The data below is to be copied exactly, line by line.

-- Listed entries follows --

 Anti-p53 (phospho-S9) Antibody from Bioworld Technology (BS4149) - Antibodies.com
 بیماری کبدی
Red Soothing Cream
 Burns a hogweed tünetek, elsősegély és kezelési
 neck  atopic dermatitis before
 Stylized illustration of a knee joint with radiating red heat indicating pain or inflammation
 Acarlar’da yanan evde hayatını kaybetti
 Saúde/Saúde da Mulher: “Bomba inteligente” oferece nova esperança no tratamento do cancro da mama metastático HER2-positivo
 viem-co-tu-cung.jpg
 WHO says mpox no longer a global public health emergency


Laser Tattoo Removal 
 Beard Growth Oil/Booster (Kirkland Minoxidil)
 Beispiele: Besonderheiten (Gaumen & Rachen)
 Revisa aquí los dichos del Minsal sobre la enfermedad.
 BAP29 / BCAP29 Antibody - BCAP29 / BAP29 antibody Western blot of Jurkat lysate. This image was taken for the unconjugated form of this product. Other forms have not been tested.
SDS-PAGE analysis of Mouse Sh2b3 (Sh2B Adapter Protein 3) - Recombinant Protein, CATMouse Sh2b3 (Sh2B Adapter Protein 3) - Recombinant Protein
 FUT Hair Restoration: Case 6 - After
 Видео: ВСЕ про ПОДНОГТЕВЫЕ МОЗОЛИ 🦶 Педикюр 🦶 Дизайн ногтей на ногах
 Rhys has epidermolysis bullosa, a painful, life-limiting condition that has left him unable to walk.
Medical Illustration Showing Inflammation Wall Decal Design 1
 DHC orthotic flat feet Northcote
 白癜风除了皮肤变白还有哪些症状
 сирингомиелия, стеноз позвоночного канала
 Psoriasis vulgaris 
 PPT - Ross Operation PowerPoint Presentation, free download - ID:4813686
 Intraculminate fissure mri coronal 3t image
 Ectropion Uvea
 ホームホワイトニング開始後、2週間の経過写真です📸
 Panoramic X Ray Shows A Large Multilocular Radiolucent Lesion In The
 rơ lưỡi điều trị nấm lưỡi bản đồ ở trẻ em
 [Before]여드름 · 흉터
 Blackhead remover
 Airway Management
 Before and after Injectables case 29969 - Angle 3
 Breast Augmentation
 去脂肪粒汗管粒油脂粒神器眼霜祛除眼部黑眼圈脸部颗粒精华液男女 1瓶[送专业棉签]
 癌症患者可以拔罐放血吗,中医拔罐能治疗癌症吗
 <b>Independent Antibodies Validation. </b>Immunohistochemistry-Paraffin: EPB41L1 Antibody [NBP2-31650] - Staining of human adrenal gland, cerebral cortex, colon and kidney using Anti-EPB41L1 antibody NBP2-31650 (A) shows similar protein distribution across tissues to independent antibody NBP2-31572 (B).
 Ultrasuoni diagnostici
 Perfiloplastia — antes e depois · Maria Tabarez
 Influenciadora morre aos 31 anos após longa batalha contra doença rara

-- Listed entries concluded --

• Exercise result:
 Anti-p53 (phospho-S9) Antibody from Bioworld Technology (BS4149) - Antibodies.com
 بیماری کبدی
Red Soothing Cream
 Burns a hogweed tünetek, elsősegély és kezelési
 neck  atopic dermatitis before
 Stylized illustration of a knee joint with radiating red heat indicating pain or inflammation
 Acarlar’da yanan evde hayatını kaybetti
 Saúde/Saúde da Mulher: “Bomba inteligente” oferece nova esperança no tratamento do cancro da mama metastático HER2-positivo
 viem-co-tu-cung.jpg
 WHO says mpox no longer a global public health emergency


Laser Tattoo Removal 
 Beard Growth Oil/Booster (Kirkland Minoxidil)
 Beispiele: Besonderheiten (Gaumen & Rachen)
 Revisa aquí los dichos del Minsal sobre la enfermedad.
 BAP29 / BCAP29 Antibody - BCAP29 / BAP29 antibody Western blot of Jurkat lysate. This image was taken for the unconjugated form of this product. Other forms have not been tested.
SDS-PAGE analysis of Mouse Sh2b3 (Sh2B Adapter Protein 3) - Recombinant Protein, CATMouse Sh2b3 (Sh2B Adapter Protein 3) - Recombinant Protein
 FUT Hair Restoration: Case 6 - After
 Видео: ВСЕ про ПОДНОГТЕВЫЕ МОЗОЛИ 🦶 Педикюр 🦶 Дизайн ногтей на ногах
 Rhys has epidermolysis bullosa, a painful, life-limiting condition that has left him unable to walk.
Medical Illustration Showing Inflammation Wall Decal Design 1
 DHC orthotic flat feet Northcote
 白癜风除了皮肤变白还有哪些症状
 сирингомиелия, стеноз позвоночного канала
 Psoriasis vulgaris 
 PPT - Ross Operation PowerPoint Presentation, free download - ID:4813686
 Intraculminate fissure mri coronal 3t image
 Ectropion Uvea
 ホームホワイトニング開始後、2週間の経過写真です📸
 Panoramic X Ray Shows A Large Multilocular Radiolucent Lesion In The
 rơ lưỡi điều trị nấm lưỡi bản đồ ở trẻ em
 [Before]여드름 · 흉터
 Blackhead remover
 Airway Management
 Before and after Injectables case 29969 - Angle 3
 Breast Augmentation
 去脂肪粒汗管粒油脂粒神器眼霜祛除眼部黑眼圈脸部颗粒精华液男女 1瓶[送专业棉签]
 癌症患者可以拔罐放血吗,中医拔罐能治疗癌症吗
 <b>Independent Antibodies Validation. </b>Immunohistochemistry-Paraffin: EPB41L1 Antibody [NBP2-31650] - Staining of human adrenal gland, cerebral cortex, colon and kidney using Anti-EPB41L1 antibody NBP2-31650 (A) shows similar protein distribution across tissues to independent antibody NBP2-31572 (B).
 Ultrasuoni diagnostici
 Perfiloplastia — antes e depois · Maria Tabarez
 Influenciadora morre aos 31 anos após longa batalha contra doença rara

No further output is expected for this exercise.